__DATA SHOWN__:
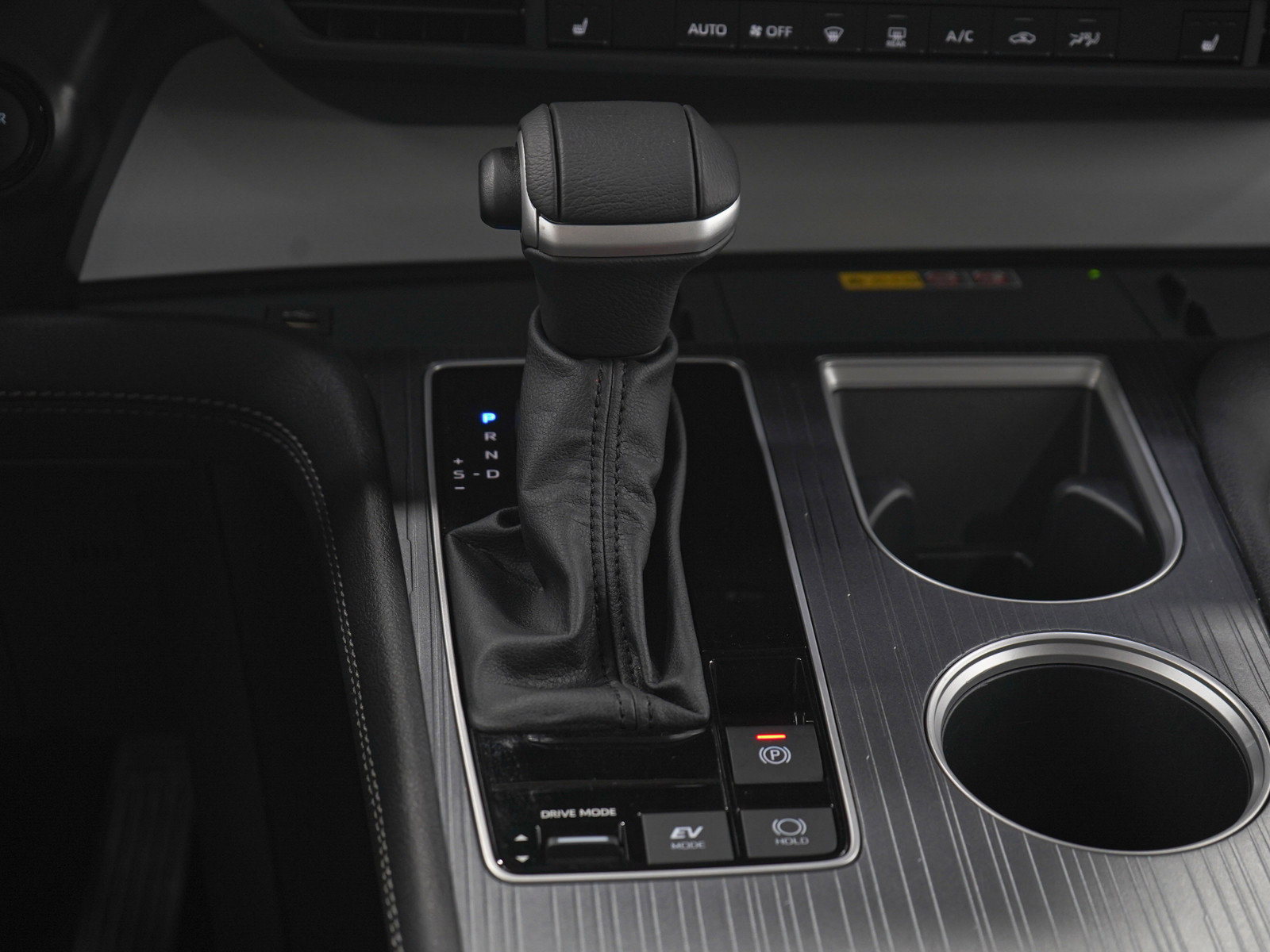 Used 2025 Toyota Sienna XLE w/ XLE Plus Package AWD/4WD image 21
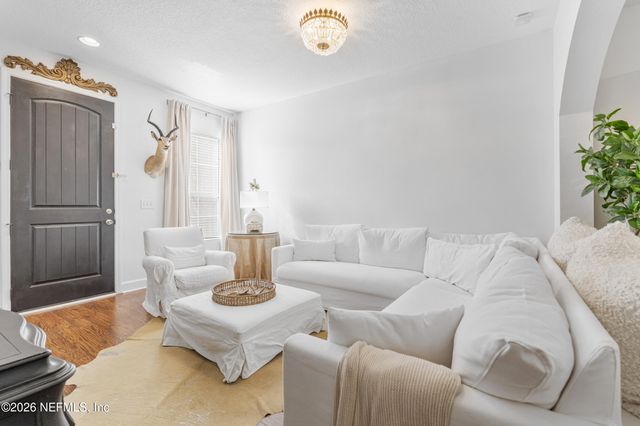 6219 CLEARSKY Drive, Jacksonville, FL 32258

* * *

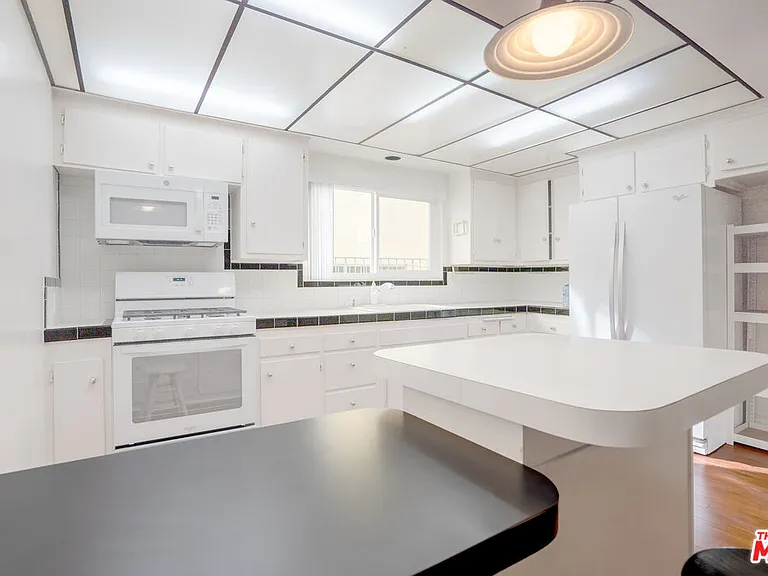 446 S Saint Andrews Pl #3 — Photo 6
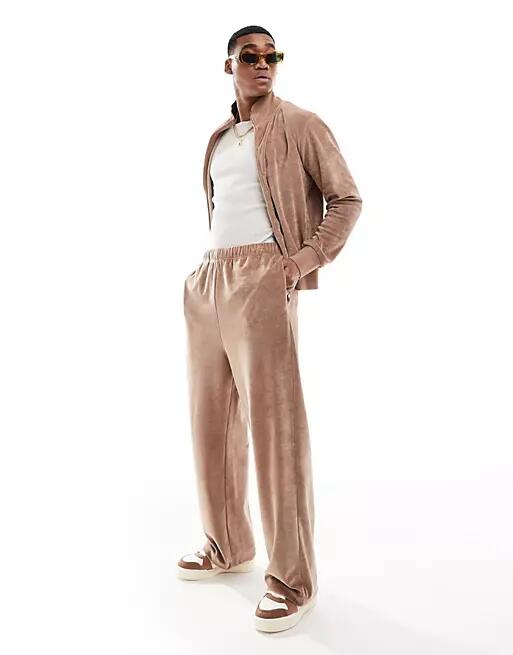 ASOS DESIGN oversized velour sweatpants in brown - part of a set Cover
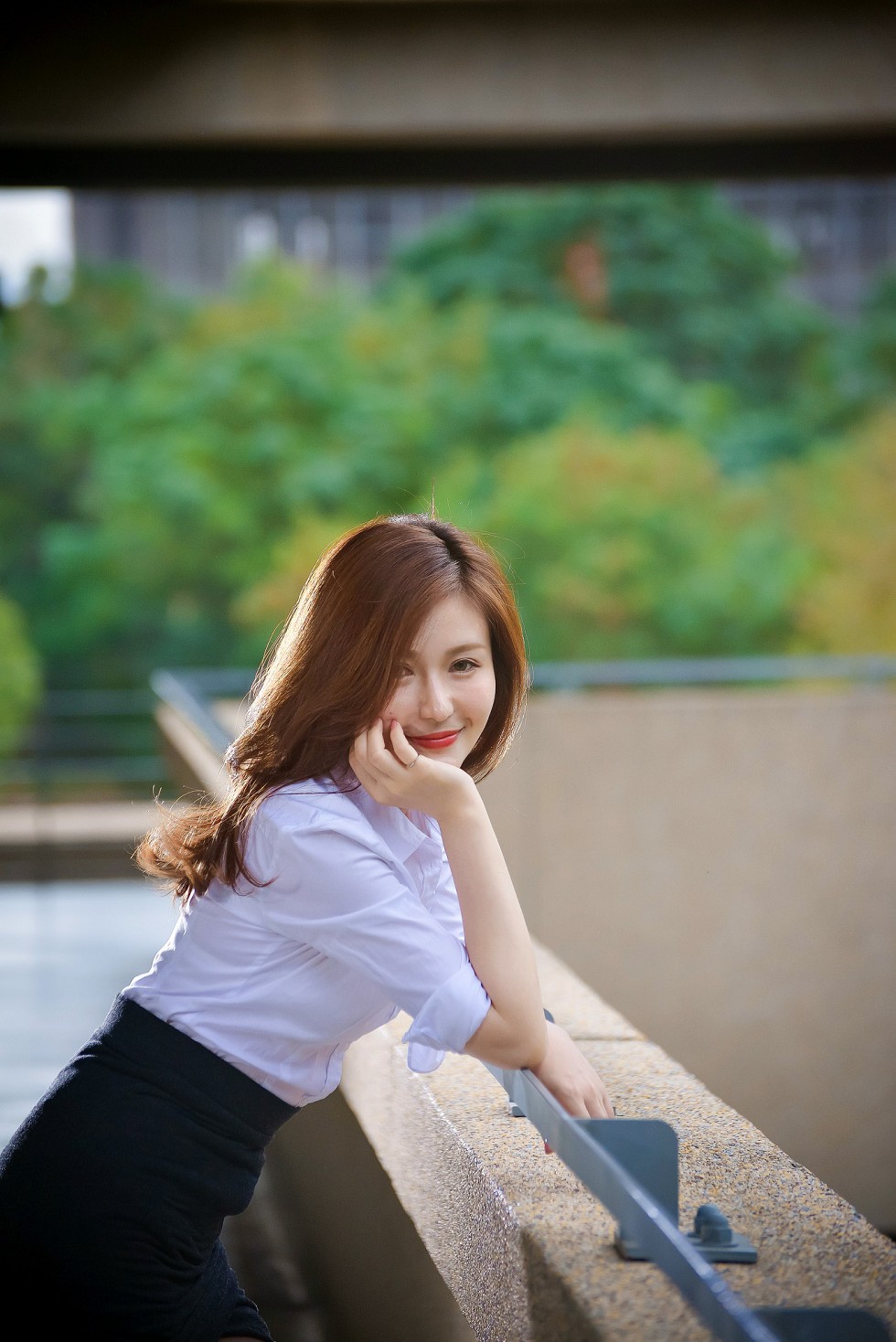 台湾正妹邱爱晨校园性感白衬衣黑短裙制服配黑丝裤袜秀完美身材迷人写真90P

* * *

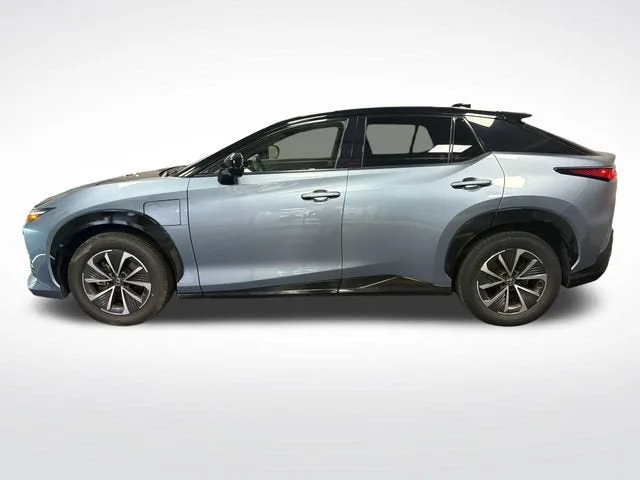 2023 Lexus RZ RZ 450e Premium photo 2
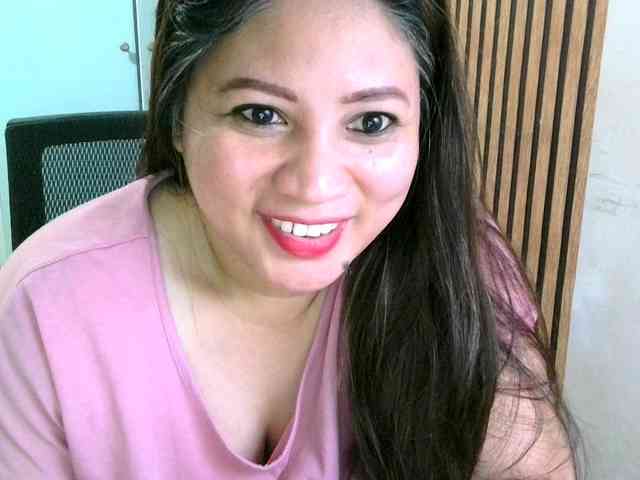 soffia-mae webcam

__TASK STATEMENT__:
The output is the stretch above from the line with "2023 Lexus RZ RZ 450e Premium photo 2" through the line with "soffia-mae webcam", copied word for word with both ends kept and every picture dropped.

__ANSWER TO THE EXERCISE__:
 2023 Lexus RZ RZ 450e Premium photo 2
 soffia-mae webcam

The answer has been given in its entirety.